The Bahá'í Faith is a religion founded by Bahá'u'lláh in 19th century Persia. Bahá'ís number around 6 million in more than 200 countries around the world.
According to Bahá'í teachings, religious history is seen as an evolving educational process for mankind, through God's messengers, which are termed Manifestations of God. Bahá'u'lláh is seen as the most recent, pivotal, but not final of these individuals. He claimed to be the expected redeemer and teacher prophesied in Judaism, Christianity, Islam, Hinduism, Buddhism, and other religions, and that his mission was to establish a firm basis for unity throughout the world, and inaugurate an age of peace and justice, which Bahá'ís expect will inevitably arise.
"Bahá'í" (/baˈha˝ʔi˝/) can be an adjective referring to the Bahá'í Faith, or the term for a follower of Bahá'u'lláh (Bahá'í is not a noun meaning the religion as a whole). The term comes from the Arabic word Bahá’ (بهاء), meaning "glory" or "splendor".
Three core principles of Bahá'í teachings are often referred to simply as: the unity of God, the unity of religion, and the unity of mankind. Many Bahá'í beliefs and practices are rooted in these priorities; but taken alone these would be an over-simplification of Bahá'í teachings.
Bahá'ís believe in a single, imperishable God, the creator of all things, including all the creatures and forces in the universe.
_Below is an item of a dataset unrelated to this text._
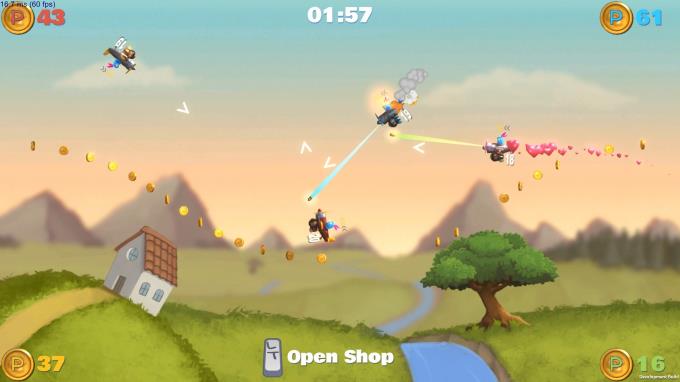 The Prabbits: Happy Dogfights ! PC Crack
The existence of God is thought to be eternal, without a beginning or end, and is described as "a personal God, unknowable, inaccessible, the source of all Revelation, eternal, omniscient, omnipresent and almighty." Though inaccessible directly, God is nevertheless seen as conscious of his creation, with a will and purpose. Bahá'ís believe that God expresses this will in many ways, including through a series of divine messengers referred to as Manifestations of God or sometimes divine educators. In expressing God's intent, these manifestations are seen to establish religion in the world.
Bahá'í teachings state that God is too great for humans to fully comprehend, or to create a complete and accurate image. In the Bahá'í religion God is often referred to by titles (e.g. the All-Powerful, or the All-Loving), and there is a substantial emphasis on monotheism, rejecting such doctrines as the Trinity.
Bahá'í notions of progressive religious revelation result in their accepting the validity of most of the worlds' religions, whose founders and central figures are seen as Manifestations of God. These include, but are not limited to Jesus, Muhammad, Moses, and Buddha. Bahá'ís also believe that other religious figures, such as Adam, Noah, and Húd historically existed and were prophets of God. Religious history is interpreted as a series of dispensations, where each manifestation brings a somewhat broader and more advanced revelation, suited for the time and place in which it was expressed. Specific religious social teachings (e.g. the direction of prayer, or dietary restrictions) may be revoked by a subsequent manifestation so that a more appropriate requirement for the time and place may be established. Conversely, certain general principles (e.g. neighbourliness, or charity) are seen to be universal and consistent. Bahá'ís do not believe that this process of progressive revelation will end. They do, however, believe that it is cyclical. Bahá'ís do not expect a new manifestation of god to appear prior to 1000 years after Bahá'u'lláh's revelation.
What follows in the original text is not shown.